Although he expects Troi to interrupt him and to redirect the conversation, she doesn’t. She lets him talk, and after a while he glances up at the wall chronometer to find, to his relief, that the session is over. He stands up to leave.
The counselor rises from her chair and walks toward the door with him. She’s wearing a long blue dress today, soft fluid swirls of movement that eddy around him like an ocean in which he could easily go under. He thinks of the mythological Sirens, who lured unwary sailors to their deaths. Once more he tries to distract himself by visualizing neat lines of computer code scrolling across a screen, but he discovers that his mind has suddenly gone blank. He suspects it would have been a pointless effort in any event.
Just before they reach the door, Troi stops.

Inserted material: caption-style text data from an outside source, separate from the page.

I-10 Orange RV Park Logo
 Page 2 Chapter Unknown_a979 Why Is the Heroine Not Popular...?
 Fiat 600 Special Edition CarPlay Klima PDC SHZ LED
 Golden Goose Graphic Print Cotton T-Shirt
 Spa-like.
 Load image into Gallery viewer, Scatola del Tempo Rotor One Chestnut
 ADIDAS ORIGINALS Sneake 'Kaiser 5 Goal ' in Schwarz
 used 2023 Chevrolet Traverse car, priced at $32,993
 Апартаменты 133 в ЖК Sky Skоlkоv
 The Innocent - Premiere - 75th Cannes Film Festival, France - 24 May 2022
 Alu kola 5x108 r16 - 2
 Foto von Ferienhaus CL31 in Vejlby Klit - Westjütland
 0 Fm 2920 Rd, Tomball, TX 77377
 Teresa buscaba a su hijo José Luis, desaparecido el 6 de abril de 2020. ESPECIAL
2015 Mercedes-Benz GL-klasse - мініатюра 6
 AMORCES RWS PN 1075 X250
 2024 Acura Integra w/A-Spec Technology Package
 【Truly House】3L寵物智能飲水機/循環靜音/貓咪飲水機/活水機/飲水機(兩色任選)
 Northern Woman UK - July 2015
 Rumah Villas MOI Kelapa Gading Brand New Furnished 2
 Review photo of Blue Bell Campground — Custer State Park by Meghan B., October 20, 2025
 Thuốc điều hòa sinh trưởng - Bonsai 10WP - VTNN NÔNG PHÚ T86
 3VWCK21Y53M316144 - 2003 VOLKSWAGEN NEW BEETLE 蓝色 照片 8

“Reg,” she tells him firmly, “you’re a very fine officer, and you’re making a valuable contribution to the Enterprise’s mission. There’s not one person aboard this ship who thinks you don’t belong here.”
For now, he really tries to believe her, and as he steps into the corridor with its bright lights and unsettling shadows, he can almost convince himself that he has succeeded. There’s no reason why he shouldn’t believe her, after all. He knows that addiction is not a weakness of character, autism is not a mark of inferiority, and plenty of people get counseling for one reason or another.
Then the door closes behind him, and as he glances up and down the empty corridor, he feels relieved, once again, that there’s no one around to see him.